» **WORK REQUIRED**:
Return all of the data that follows precisely, leaving every image out.

» **DATA EXTRACT**:
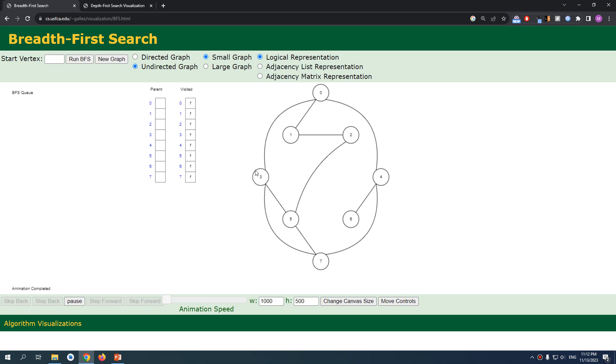We're at this point, we're at point three. We're going to check for all its neighbors. We have zero, we have five, and we have finally seven. We add them to our queue after visiting it.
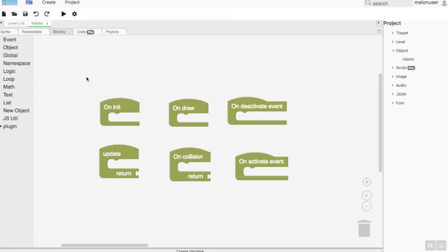Blockly programming for game object event and logical controlling. In the object section, Blockly is used to make the events that may happen about the object and how to control it.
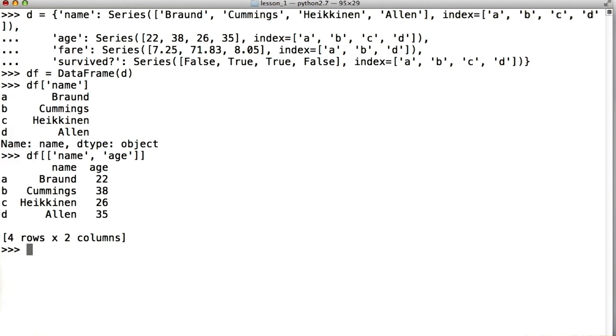I can also call on specific rows by calling the data frame objects loc method and passing the row index as an argument. For example, if I only wanted the row corresponding to passenger Braund whose index is a, I could simply say df.loc a.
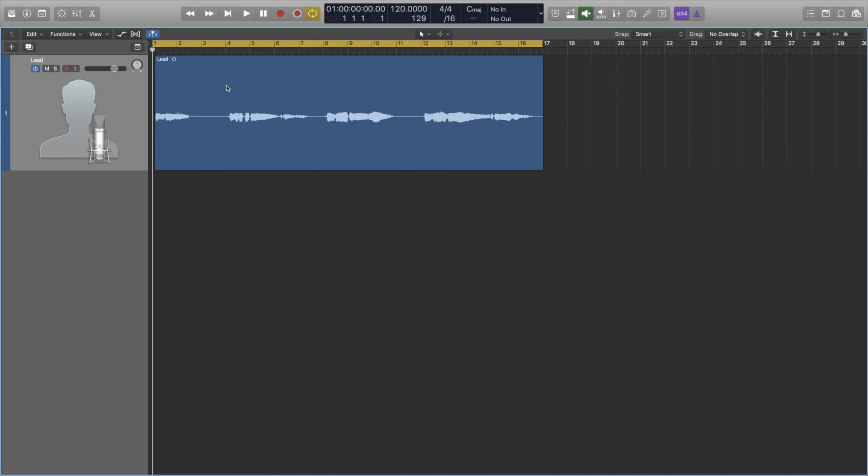Hey guys, Stefan here, back with another 5 ways to improve your Logic Pro X workflow. This is part 5, covering ways 21 to 25, let's go.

» **EXPECTED OUTPUT**:
We're at this point, we're at point three. We're going to check for all its neighbors. We have zero, we have five, and we have finally seven. We add them to our queue after visiting it.
Blockly programming for game object event and logical controlling. In the object section, Blockly is used to make the events that may happen about the object and how to control it.
I can also call on specific rows by calling the data frame objects loc method and passing the row index as an argument. For example, if I only wanted the row corresponding to passenger Braund whose index is a, I could simply say df.loc a.
Hey guys, Stefan here, back with another 5 ways to improve your Logic Pro X workflow. This is part 5, covering ways 21 to 25, let's go.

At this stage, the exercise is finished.